== Segment start ==

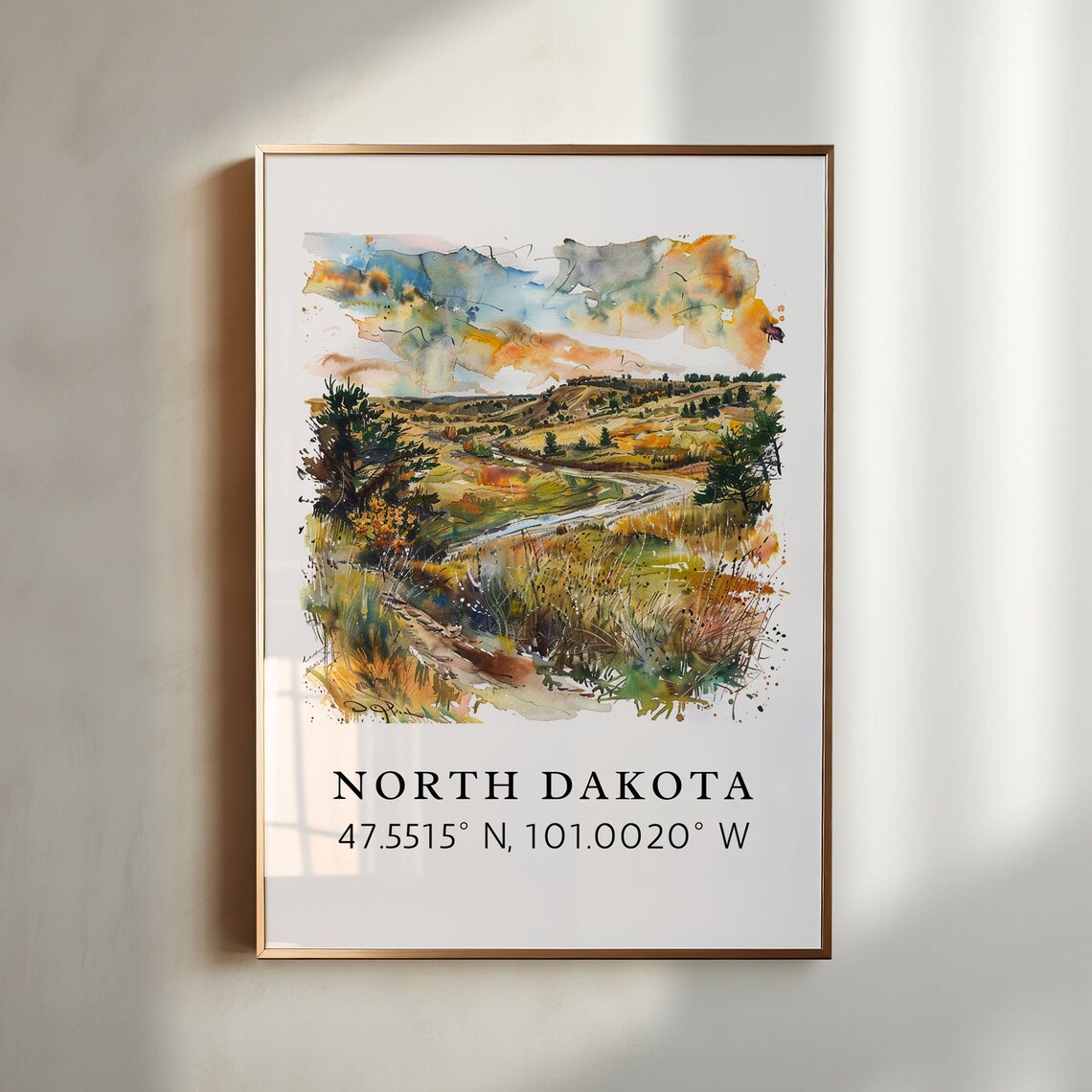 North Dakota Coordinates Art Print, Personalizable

== Segment end ==
== Segment start ==

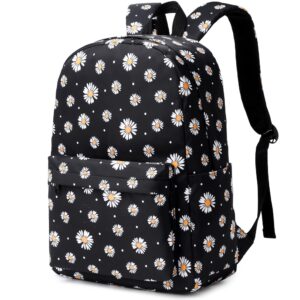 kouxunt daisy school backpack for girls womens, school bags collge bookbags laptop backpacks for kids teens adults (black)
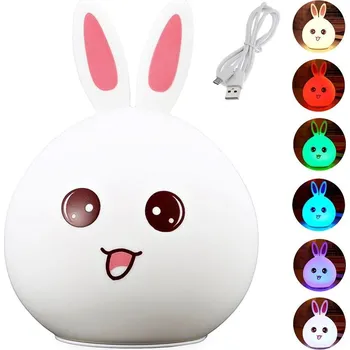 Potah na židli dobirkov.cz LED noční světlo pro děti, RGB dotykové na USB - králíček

== Segment end ==
== Segment start ==

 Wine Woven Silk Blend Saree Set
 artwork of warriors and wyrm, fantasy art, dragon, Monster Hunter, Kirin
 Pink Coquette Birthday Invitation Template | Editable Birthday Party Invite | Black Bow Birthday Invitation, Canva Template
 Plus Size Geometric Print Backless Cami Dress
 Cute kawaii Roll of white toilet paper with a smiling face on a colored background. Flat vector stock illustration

== Segment end ==

WHAT THE TASK ASKS: In the data above, which lines lie between the line with "Pink Coquette Birthday" and the line with "Cute kawaii Roll", inclusive? Print those lines exactly and nothing else.

ANSWER FOR THIS EXERCISE:
 Pink Coquette Birthday Invitation Template | Editable Birthday Party Invite | Black Bow Birthday Invitation, Canva Template
 Plus Size Geometric Print Backless Cami Dress
 Cute kawaii Roll of white toilet paper with a smiling face on a colored background. Flat vector stock illustration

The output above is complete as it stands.